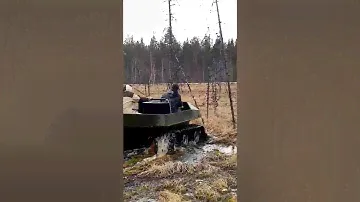 Гусеничный вездеход Черепаха по болоту Архангельская область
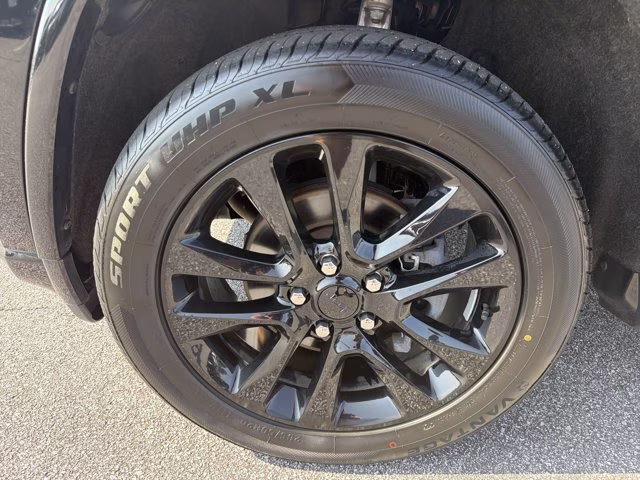 2019 Diamond Black Crystal Pearlcoat Jeep Grand Cherokee Altitude 4X4 SUV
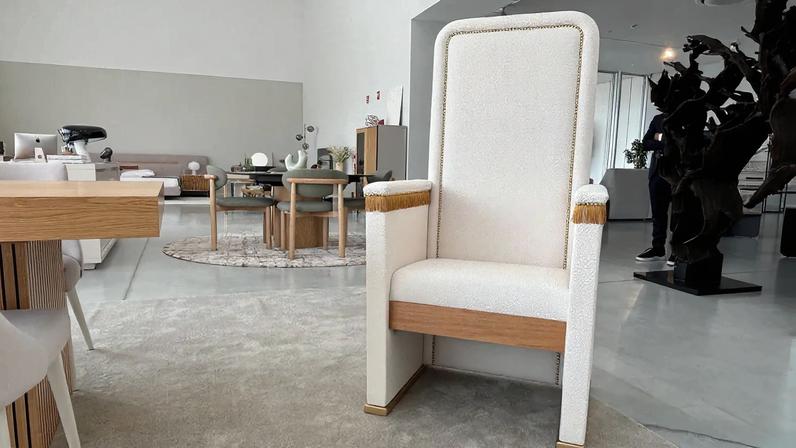 Altar e cadeirão para visita do Papa Leão XIV a Angola feitos em empresa de Paredes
_____
### YOUR ASSIGNMENT:
An exact copy of the listing is required, with every image removed.

### YOUR SOLUTION:
 Гусеничный вездеход Черепаха по болоту Архангельская область
 2019 Diamond Black Crystal Pearlcoat Jeep Grand Cherokee Altitude 4X4 SUV
 Altar e cadeirão para visita do Papa Leão XIV a Angola feitos em empresa de Paredes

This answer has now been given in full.